Cantor was immediately backed up by Senate Minority Leader Mitch McConnell and Minority Whip Jon Kyl. “President Obama needs to decide between his goal of higher taxes or a bipartisan plan to address our deficit,’ the duo said in a joint statement. “He can’t have both.”
The decision by Cantor was greeted with shock — or at least surprise — by the political world. But, it shouldn’t have been.
Why? Because of a hard but simple political truth: there is absolutely NO constituency within the Republican party that is even modestly open to tax increases as the only way to solve the budget deficit.
The latest Washington Post/ABC poll proves it out.
Fifty two percent of Republicans in the survey said that “cutting federal spending” is the best way to reduce the federal budget deficit while just one percent chose the “increasing taxes” option and 46 percent said a “combination of both” would be the best way to go.
Those numbers stand in stark contrast to how Democrats and independents view the best course for solving the debt problem. Two thirds of Democrats and nearly six in ten (59 percent) of independents said that the best way to shrink the debt was a combination of spending cuts and tax increases.
The Republican aversion to tax increases — of any sort — as a sole solution to the debt problem shines through in another data point from the poll.
Asked if debt reduction had to come from a combination of cuts and tax increases, 71 percent of self-identified Republicans said it should come more from spending cuts while just three percent said increasing taxes and 25 percent chose half coming from each source.
The fact is that it would amount to political death for Cantor to be seen as a major player in a deal that increases taxes of any sort without the gaining heavy concessions on the spending side. (Not to mention the difficulty of selling a debt reduction plan that increases taxes to the large GOP freshmen House class that was elected in large part on a pledge to drastically curb spending in the nation’s capitol.)
(For another perspective on why Cantor did what he did, check out Ezra Klein’s take.)
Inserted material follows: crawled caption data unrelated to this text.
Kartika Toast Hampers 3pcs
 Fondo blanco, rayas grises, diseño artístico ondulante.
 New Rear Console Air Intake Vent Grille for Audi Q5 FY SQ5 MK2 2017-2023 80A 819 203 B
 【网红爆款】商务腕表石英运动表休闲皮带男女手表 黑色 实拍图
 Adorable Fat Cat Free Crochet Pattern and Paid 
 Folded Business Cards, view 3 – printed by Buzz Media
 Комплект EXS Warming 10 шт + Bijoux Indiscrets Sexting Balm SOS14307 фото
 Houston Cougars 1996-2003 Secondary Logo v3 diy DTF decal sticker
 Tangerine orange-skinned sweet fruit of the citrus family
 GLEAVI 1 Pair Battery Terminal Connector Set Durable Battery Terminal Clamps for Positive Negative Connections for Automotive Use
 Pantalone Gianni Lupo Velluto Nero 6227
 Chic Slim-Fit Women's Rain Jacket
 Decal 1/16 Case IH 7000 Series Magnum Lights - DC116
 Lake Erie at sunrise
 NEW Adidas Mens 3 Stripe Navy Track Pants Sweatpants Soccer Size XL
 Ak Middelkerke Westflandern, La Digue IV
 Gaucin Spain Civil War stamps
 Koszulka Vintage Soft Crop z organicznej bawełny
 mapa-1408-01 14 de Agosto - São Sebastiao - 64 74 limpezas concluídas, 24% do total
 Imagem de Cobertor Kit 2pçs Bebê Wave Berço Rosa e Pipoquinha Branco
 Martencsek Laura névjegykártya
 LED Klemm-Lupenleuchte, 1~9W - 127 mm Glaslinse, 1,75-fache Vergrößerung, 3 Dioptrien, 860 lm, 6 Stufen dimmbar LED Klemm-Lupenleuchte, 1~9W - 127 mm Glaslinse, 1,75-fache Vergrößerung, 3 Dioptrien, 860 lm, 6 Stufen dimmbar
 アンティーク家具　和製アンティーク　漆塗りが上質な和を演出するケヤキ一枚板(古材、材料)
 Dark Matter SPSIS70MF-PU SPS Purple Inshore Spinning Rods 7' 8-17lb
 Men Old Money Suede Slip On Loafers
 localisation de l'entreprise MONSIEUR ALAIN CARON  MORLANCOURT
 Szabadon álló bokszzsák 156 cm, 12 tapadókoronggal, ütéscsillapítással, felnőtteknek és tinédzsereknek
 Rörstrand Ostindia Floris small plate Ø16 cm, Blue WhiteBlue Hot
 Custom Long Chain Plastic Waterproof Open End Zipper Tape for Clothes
The specter of former President George H.W. Bush looms large in this debate. His pledge at the 1988 Republican National Convention — “read my lips...no new taxes” — came back to haunt him after he cut a budget deal in 1990 that included tax increases. Many Republicans credit that oath-breaking, which turned many conservatives against Bush, as the reason for his defeat at the hands of Bill Clinton in 1992.
While Republican elected officials and their parties’ strategists are aware that pulling away from the negotiations runs the risk of making them look more interested in scoring political points than solving problems — a major point of interest for independents — they are equally aware that without their base firmly behind them in 2012 they have no chance of retaking the presidency.
This is a gambit designed to tilt the deal in favor of spending cuts and away from tax increases. That way, if Cantor — and Republicans more broadly — do have to cut a deal on taxes, they can argue that they did everything in their power to sway the debate toward where their base wanted it.